Many people in eastern Libya are concerned that the oil-rich area will be under-represented in the assembly.
The region has been allotted only 60 seats in the 200-seat assembly.
Under the system devised by the outgoing National Transitional Council (NTC), which led the campaign against Gaddafi, 100 seats are allocated to the west and 40 to the south.
The BBC's Rana Jawad in Tripoli says some in the east fear being marginalised as they were for decades under Col Muammar Gaddafi's 42-year rule.
As many as five oil terminals have been shut down by former rebels, including those at Brega, Ras Lanouf and Sidra, and a significant part of Libya's oil exporting capacity has been disrupted.
Ballot papers were set alight at a key election office in Ajdabiya and another election centre was attacked in Benghazi.
In an attempt to defuse the situation, the NTC has said the new parliament will no longer be responsible for naming the panel that will draft Libya's new constitution.

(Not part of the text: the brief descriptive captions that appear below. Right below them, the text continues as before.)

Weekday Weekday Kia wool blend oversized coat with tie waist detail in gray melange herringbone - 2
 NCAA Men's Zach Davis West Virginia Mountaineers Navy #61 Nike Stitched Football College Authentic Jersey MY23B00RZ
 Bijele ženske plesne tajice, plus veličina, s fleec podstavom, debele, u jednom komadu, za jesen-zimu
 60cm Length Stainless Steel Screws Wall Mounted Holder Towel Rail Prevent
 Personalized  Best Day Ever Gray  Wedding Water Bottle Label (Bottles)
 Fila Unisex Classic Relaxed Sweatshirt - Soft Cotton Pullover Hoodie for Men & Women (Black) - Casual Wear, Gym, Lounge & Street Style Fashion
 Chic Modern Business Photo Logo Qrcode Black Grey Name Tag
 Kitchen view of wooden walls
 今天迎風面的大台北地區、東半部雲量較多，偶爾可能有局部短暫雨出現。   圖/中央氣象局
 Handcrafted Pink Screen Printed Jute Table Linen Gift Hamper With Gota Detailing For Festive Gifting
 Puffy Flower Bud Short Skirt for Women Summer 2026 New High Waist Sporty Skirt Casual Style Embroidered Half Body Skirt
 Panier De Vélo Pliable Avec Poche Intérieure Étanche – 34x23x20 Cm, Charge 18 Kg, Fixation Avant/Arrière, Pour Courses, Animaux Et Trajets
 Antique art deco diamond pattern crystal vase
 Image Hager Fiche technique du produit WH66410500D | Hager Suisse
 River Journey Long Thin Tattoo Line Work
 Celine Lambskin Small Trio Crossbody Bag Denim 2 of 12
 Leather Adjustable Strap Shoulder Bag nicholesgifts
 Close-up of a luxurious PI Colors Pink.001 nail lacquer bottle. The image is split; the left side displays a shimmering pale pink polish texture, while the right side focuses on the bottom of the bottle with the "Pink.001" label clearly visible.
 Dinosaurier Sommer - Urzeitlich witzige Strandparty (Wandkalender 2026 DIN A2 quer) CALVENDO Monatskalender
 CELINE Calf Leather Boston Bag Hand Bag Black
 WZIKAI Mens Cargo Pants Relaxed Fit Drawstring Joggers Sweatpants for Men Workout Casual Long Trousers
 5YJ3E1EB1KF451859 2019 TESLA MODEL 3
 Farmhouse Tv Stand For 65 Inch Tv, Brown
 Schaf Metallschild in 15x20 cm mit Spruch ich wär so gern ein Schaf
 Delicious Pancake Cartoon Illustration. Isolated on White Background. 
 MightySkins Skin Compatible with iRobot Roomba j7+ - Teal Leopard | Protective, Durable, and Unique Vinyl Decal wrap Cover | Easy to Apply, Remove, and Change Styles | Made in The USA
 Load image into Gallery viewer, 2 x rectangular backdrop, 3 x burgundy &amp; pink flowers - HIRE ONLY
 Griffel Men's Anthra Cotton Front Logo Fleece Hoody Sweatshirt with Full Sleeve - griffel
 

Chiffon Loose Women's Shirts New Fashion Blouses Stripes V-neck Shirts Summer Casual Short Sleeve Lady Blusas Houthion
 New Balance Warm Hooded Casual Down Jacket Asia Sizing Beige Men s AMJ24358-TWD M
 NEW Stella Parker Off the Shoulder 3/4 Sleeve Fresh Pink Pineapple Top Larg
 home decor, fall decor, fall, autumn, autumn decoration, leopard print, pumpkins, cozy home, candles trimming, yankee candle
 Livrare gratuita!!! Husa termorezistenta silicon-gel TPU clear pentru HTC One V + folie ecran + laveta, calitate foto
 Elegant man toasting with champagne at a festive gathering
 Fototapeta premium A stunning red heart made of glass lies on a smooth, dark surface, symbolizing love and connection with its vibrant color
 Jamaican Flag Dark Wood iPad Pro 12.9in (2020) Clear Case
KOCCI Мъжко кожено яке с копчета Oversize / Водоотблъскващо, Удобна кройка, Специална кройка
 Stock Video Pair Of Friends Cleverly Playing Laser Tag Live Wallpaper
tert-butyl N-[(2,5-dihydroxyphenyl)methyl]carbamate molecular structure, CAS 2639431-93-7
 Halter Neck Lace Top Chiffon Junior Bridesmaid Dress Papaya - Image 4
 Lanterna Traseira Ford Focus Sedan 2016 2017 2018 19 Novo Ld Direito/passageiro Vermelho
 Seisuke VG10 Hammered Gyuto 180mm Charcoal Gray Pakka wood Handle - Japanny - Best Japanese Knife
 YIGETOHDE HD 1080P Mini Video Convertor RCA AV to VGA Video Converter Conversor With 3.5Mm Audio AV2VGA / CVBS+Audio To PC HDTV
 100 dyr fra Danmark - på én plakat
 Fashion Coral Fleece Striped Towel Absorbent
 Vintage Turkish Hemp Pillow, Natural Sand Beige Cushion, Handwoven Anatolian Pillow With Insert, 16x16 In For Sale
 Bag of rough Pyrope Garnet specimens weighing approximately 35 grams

The 60-member committee will be elected in a separate vote at a later date.
A Libyan army spokesman said the helicopter was transporting voting materials when it was attacked close to the airport in Benghazi. An election commission worker was fatally wounded, he said, but the helicopter managed to land safely.
An election commission member in Tripoli told the BBC that the identity of the gunmen was not yet known but that the attack would not affect the vote.
The poll has already been postponed once before.
Around 2.9 million people are eligible to vote for the 3,700 candidates standing for the new General National Congress, in Libya's first national vote since Col Gaddafi was toppled in October 2011 after an eight-month uprising.
There are countless political parties taking part in the election, our correspondent says, but the biggest to emerge so far is the Justice and Construction Party, made up mostly of Muslim Brotherhood members.